Exercise prompt> Could you copy exactly the lines below from the one with "a little girl" to the one with "Model wearing a", inclusive, leaving out any pictures?

Task material>
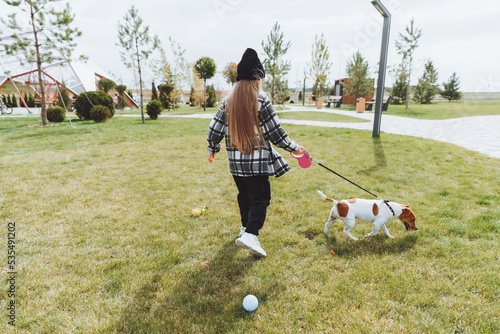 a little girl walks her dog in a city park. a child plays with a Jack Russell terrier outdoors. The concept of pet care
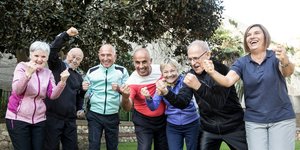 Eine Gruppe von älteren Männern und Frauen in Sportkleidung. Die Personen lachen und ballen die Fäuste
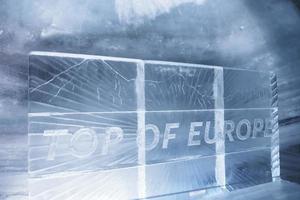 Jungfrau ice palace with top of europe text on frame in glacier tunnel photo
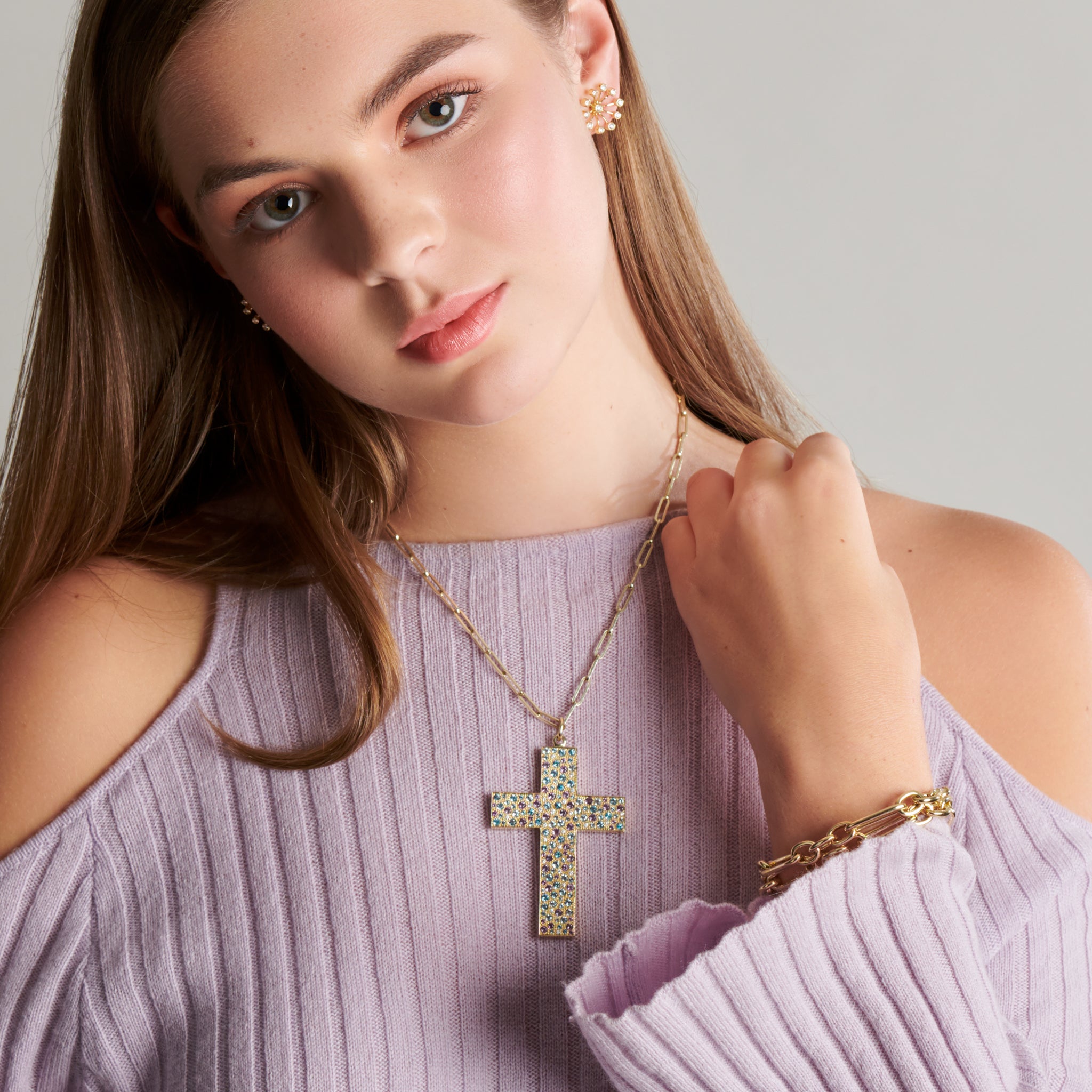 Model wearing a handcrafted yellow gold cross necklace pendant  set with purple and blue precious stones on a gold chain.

---

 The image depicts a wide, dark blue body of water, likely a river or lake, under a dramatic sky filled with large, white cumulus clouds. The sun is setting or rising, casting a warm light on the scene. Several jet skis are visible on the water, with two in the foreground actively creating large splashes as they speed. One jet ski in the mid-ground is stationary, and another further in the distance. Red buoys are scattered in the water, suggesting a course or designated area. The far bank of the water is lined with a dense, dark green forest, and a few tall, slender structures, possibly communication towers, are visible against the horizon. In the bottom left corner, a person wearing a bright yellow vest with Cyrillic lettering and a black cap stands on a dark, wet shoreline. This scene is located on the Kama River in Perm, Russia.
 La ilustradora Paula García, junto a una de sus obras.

Problem solution>
 a little girl walks her dog in a city park. a child plays with a Jack Russell terrier outdoors. The concept of pet care
 Eine Gruppe von älteren Männern und Frauen in Sportkleidung. Die Personen lachen und ballen die Fäuste
 Jungfrau ice palace with top of europe text on frame in glacier tunnel photo
 Model wearing a handcrafted yellow gold cross necklace pendant  set with purple and blue precious stones on a gold chain.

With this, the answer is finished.